Building a Register VM Interpreter - Part 4: Bytecode and Chunk

This guide is about building a register-based VM interpreter from scratch. This part will define set of instructions and build Chunks in VM.

Posted Mar 28, 2026

By Theodore Cooper

18 min read

Building a Register VM Interpreter - Part 4: Bytecode and Chunk

In the previous part, we have built a zero-allocation Scanner capable of stripping away noise and translate raw code into a on-demand stream of lexical tokens.

However, a VM cannot execute tokens. Tokens are just grammatical hint for the compiler. To bridge this gap, the compiler must translate these tokens into a linear sequence of operations known as Bytecode.

The bytecode is the machine code for the imaginary CPU. Designing a instruction set is one of the most critical architectural decision in the entire interpreter. This part will define set of instructions and build Chunk, the data structure responsible for holding the compiled bytecode in VM.

The Register-Based Instruction

As discussed in Part 1, the landscape of VM is generally divided into two camps: stack-based and register-based.
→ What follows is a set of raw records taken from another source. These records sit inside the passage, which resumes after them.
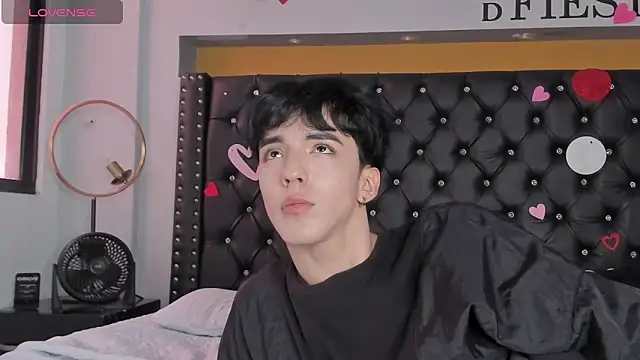 aerumchae (M twink) - cum show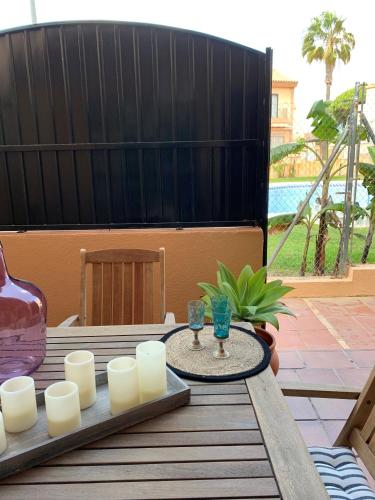 Apartamento Residencial Al Andalus 117, La Barrosa, Chiclana, Incluye parking a unos metros del mar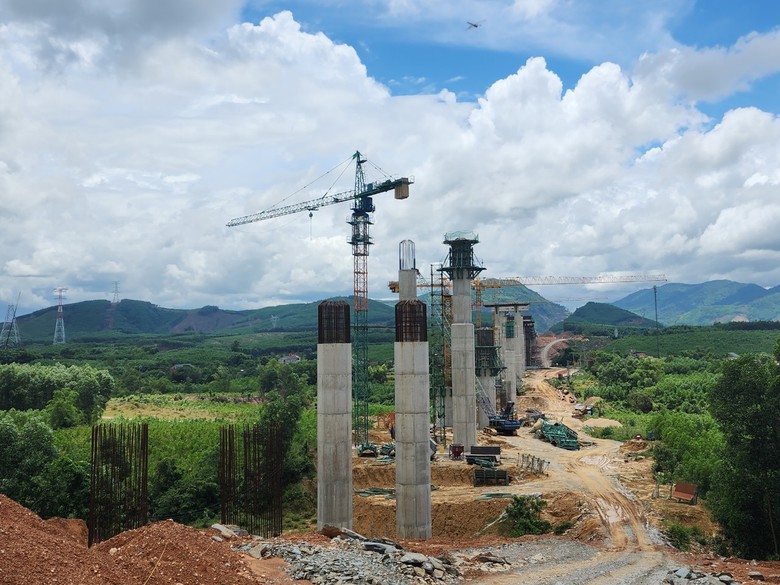 Tăng tốc thi c&ocirc;ng cao tốc Bắc - Nam qua H&agrave; Tĩnh, Quảng B&igrave;nh trước m&ugrave;a mưa b&atilde;o- Ảnh 1.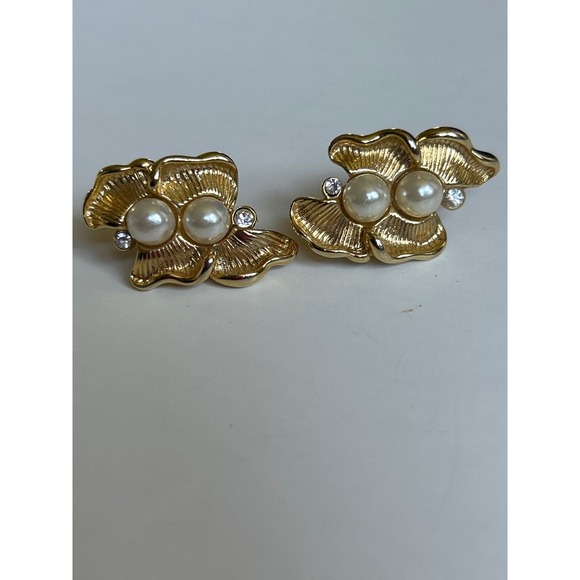 Vintage Gold Earrings Leaf Design with Pearls Zirconia clip on - Picture 2 of 7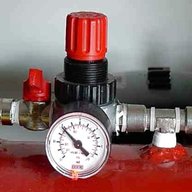 regolatore pressione aria compressore usato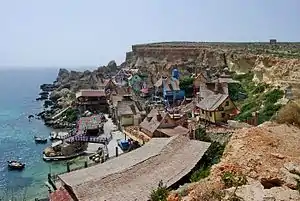 Anchor Bay mit dem Ort Popeye Village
We chose the register-based path.

In a stack-based VM, adding two numbers requires multiple distinct instructions to push oprands onto a stack and pop them off. In the register-based one, instructions operate directly on a window of virtual registers.

To make this work, our instructions need to be large enough to hold not just the operation itself, but also the indices of the registers it needs to access.

In vm/instruction.h, we define the fundamental instruction type:

        
      
typedef uint32_t Instruction;

Every single instruction in the VM is exactly 32 bits wide.

The Fixed-Width

Some VM use variable-length instructions (e.g., a 1-byte opcode followed by an optional 1-byte or 2-byte operand). While that saves memory, it significantly slows down the execution loop. The VM has to check the opcode to know how many bytes it need to complete an instruction.

This creates a severe “data dependency” at the hardware level. In a variable-length architecture (like the JVM or CPython), the host CPU cannot know the starting memory address of the next instruction until it has fully decoded the current one. This dependency breaks CPU pipelines, stalling hardware instruction prefetching and branch prediction.

By utilizing a Fixed-Width 32-bit instruction set, fetching the next instruction is as simple as bumping a C pointer by 1. It is completely predictable memory access, aligns perfectly with caches, and keeps the VM’s decoding loop incredibly fast. Because this memory access pattern is completely linear and predictable, the CPU’s hardware prefetcher can aggressively load upcoming bytecodes into the ultra-fast L1 cache before the VM’s dispatch loop actually asks for them.

The Bit Layout

Packing an operation into a single 32-bit integer requires specific bit boundaries. This VM utilizes a Little-Endian layout, which means the actual operation code is placed in the lowest 8 bits, following by the operands.

Field Positions:
   31       24 23     16 15      8 7        0
    +---------+---------+---------+---------+
    |    C    |    B    |    A    |  OpCode |
    +---------+---------+---------+---------+
Bits:  8 bits    8 bits    8 bits    8 bits

The first 8 bits (Bits 0-7) is the instruction ID itself (e.g., OP_ADD). Giving this field 8 bits means the VM can support up to 256 unique instructions, which is enough for a fully-featured scripting language.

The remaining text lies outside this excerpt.